The future of a vibrant chemical industry demands a call to duty, and it couldn't be more clear - to spark interest in science and technology at a young age, attract graduates into the industry and then guide them on a promising career path.
No easy task - but from company CEOs, employee volunteers to industry associations, people are acting quickly on this critical issue. "Getting our young students interested in science and technology early enough in their school lives is one of the most important things we can do as an industry and as a nation," says John McGlade, chairman, president and CEO of US-based industrial gases and chemical firm Air Products.
The issue is particularly important in the Western world, where the chemical industry is graying, and faces huge competitive pressures from developing nations.
"Europe faces competitive threats from low-cost labor. There is no point in competing head-on in terms of cost. In these regions, companies need improved skills to operate in a smarter way and deliver real added value," says Tom Crotty, CEO of INEOS Olefins & Polymers Europe, in an interview with ICIS.

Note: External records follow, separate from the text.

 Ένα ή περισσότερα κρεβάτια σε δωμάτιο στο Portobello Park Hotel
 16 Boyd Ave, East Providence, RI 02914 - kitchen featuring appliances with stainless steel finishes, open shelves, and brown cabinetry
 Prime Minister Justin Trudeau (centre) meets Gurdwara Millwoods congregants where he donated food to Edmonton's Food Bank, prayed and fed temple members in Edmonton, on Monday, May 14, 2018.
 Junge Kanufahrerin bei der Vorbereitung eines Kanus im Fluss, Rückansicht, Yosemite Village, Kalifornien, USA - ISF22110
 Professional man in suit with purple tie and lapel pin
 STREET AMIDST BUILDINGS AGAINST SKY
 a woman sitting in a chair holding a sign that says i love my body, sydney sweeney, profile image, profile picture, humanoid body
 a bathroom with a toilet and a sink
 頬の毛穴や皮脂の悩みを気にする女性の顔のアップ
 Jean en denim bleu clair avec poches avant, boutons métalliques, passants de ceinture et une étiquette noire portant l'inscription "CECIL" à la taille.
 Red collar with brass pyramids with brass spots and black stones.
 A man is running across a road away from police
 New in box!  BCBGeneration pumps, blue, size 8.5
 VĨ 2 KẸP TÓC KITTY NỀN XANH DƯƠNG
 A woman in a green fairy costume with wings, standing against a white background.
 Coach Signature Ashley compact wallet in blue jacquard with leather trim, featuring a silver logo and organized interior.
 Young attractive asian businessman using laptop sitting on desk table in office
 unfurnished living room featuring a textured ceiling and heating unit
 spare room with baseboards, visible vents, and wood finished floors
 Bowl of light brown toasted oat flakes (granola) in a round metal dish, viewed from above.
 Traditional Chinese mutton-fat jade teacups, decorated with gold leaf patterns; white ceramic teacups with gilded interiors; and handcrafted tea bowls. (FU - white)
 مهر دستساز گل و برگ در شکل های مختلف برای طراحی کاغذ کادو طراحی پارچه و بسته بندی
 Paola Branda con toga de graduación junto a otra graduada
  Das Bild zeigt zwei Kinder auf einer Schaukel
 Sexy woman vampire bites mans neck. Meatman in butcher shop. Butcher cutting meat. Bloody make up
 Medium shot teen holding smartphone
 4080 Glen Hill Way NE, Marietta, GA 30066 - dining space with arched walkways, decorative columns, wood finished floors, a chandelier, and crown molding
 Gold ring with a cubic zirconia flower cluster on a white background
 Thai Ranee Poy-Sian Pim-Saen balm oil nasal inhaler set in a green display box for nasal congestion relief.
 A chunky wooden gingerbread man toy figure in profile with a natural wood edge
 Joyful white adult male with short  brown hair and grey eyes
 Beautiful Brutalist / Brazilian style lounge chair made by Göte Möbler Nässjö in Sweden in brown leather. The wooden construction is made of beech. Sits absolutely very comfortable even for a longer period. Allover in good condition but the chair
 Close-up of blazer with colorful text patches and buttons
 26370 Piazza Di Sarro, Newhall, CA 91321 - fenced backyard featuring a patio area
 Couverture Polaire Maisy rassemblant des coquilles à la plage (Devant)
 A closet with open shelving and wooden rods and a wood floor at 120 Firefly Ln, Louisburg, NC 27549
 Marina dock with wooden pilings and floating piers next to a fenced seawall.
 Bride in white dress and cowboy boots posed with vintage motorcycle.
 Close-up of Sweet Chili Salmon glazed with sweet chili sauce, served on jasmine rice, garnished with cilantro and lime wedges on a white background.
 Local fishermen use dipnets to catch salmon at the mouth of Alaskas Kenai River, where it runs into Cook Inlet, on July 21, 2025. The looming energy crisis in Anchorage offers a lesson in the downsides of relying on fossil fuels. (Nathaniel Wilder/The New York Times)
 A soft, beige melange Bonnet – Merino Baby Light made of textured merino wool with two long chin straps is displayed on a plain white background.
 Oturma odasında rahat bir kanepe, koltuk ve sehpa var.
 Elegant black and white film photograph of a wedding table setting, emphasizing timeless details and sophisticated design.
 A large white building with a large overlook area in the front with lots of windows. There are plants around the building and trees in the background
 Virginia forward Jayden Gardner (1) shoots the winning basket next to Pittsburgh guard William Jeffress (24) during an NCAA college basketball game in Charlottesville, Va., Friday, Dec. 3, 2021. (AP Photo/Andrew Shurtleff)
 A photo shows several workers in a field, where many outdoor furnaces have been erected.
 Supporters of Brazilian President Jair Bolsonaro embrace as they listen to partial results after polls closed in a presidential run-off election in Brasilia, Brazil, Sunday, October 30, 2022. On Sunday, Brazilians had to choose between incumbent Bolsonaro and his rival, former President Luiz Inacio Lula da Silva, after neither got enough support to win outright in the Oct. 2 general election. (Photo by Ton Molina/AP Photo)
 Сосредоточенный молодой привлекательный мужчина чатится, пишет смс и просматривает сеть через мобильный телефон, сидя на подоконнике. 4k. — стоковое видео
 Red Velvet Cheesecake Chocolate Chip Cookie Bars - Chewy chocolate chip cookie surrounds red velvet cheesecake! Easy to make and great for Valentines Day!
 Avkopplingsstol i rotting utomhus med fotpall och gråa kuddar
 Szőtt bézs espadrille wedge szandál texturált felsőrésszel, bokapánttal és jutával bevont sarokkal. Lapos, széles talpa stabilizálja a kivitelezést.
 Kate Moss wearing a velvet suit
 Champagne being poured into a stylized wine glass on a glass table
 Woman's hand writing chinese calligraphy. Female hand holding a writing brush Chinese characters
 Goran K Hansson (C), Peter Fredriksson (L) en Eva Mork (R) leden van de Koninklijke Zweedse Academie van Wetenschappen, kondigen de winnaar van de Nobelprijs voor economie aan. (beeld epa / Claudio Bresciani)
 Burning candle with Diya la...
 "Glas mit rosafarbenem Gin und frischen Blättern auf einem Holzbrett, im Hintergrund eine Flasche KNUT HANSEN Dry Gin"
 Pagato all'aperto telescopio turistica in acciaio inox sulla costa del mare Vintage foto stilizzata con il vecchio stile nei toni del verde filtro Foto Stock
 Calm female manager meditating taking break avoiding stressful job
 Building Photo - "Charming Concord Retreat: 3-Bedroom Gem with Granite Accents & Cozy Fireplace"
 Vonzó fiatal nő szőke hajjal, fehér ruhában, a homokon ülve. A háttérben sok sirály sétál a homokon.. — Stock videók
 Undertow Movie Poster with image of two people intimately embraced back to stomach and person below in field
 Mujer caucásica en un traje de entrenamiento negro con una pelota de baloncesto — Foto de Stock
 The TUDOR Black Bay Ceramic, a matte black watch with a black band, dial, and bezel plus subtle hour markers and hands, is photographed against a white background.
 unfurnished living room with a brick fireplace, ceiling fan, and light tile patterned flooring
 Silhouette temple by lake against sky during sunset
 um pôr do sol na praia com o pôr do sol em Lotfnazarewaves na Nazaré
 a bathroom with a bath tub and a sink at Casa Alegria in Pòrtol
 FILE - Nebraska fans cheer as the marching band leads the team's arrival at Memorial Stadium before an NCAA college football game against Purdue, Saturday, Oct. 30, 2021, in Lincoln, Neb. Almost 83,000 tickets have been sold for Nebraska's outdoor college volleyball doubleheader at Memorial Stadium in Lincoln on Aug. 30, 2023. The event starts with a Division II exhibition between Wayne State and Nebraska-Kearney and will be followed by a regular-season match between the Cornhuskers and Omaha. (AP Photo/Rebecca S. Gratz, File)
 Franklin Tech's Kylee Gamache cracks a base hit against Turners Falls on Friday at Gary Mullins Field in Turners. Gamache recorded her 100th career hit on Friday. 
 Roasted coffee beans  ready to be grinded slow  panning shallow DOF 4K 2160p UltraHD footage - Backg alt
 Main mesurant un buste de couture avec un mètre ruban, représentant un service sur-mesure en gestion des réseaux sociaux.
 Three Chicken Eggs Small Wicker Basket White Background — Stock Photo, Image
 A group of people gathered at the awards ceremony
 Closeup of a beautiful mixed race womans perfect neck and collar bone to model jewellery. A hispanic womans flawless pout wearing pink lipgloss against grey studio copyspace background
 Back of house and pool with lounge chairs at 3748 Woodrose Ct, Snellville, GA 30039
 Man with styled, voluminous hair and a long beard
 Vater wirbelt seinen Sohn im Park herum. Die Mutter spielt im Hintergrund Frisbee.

"In the UK, one of the biggest crises facing our science-based industries is the availability of skilled people at all levels, whether we're talking about graduate engineers or skilled fitters on major projects," he notes. "We can ignore this issue and hope that it goes away, or we can do something about it."
And indeed, chemical companies are reaching out to students in primary and middle schools through various programs to spark interest early on.